DotNetOpenAuth not working with MVC 5 RC
Asked Answered
A

5

38

I have been working a lot with DotNetOpenAuth. First we used 5.0.0-alpha1 but we switched over to v4.0.30319 because we couldn't find what was causing our problems.

We are building a C# Web API project on .NET 4.5.1 RC with MVC 5 RC in Visual Studio 2013. We have implemented IAuthorizationServerHost, INonceStore, and ICryptoKeyStore.

The problem that we have are around the following case:

public class TokensController : Controller
{
    private readonly AuthorizationServer authorizationServer = new AuthorizationServer(new MyAuthorizationServer());

    /// <summary>
    /// This action will handle all token requests. 
    /// </summary>
    /// <returns>The action result that will output the token response.</returns>
    [HttpPost]
    public ActionResult Index()
    {
        var outgoingWebResponse = this.authorizationServer.HandleTokenRequest(this.Request);
        return outgoingWebResponse.AsActionResult();
    }
}

return outgoingWebResponse.AsActionResult(); a method with origins in DotNetOpenAuth.Messaging and the MessagingUtilities static class.

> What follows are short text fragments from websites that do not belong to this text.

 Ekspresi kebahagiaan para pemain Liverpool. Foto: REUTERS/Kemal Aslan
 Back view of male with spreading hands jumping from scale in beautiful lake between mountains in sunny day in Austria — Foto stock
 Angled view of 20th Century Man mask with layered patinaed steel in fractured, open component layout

The DotNetOpenAuth.Core (which contains this code) references MVC 4.0 and the HttpResponseMessageActionResult class inherits from ActionResult.

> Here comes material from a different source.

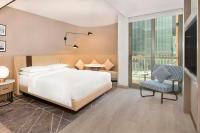 a bedroom with a large white bed and a chair at Sheraton Abu Dhabi Hotel & Resort in Abu Dhabi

This means the current version of DotNetOpenAuth in not compatible with MVC 5. Compiling and trying to run this will just case 500 errors.

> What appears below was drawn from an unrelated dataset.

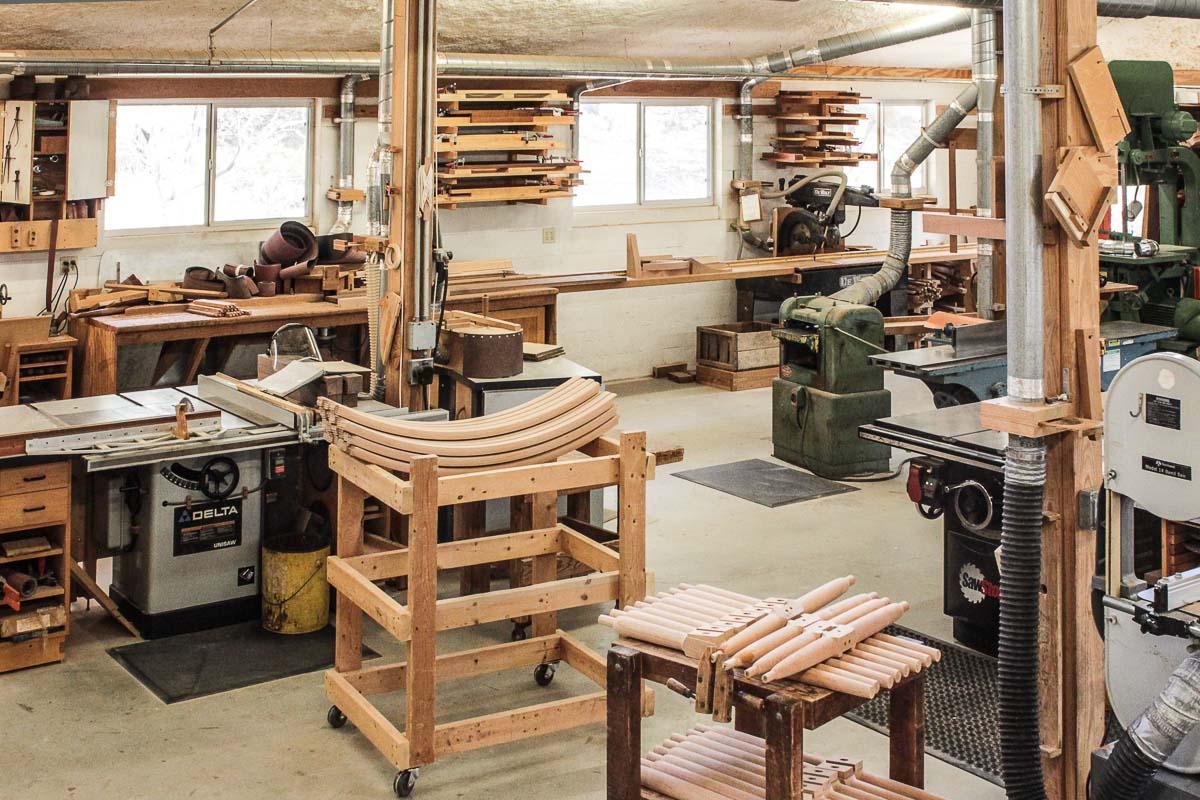 Woodshop with rocking chair parts on dollies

Does anyone have any ideas how this could be easily fixed (or maybe not)?

I didn't notice that the DotNetOpenAuth Nuget package wrote over my packages for 5.0. So after reinstalling the packages and adding the assemblyBinding again:

<assemblyBinding xmlns="urn:schemas-microsoft-com:asm.v1">
  <dependentAssembly>
    <assemblyIdentity name="System.Web.Mvc" publicKeyToken="31bf3856ad364e35" />
    <bindingRedirect oldVersion="1.0.0.0-4.0.0.0" newVersion="5.0.0.0" />
  </dependentAssembly>
</assemblyBinding>

This got us a little further. Now the error comes down to:

Attempt by security transparent method 'DotNetOpenAuth.Messaging.MessagingUtilities.AsActionResult(DotNetOpenAuth.Messaging.OutgoingWebResponse)' to access security critical type 'System.Web.Mvc.ActionResult' failed.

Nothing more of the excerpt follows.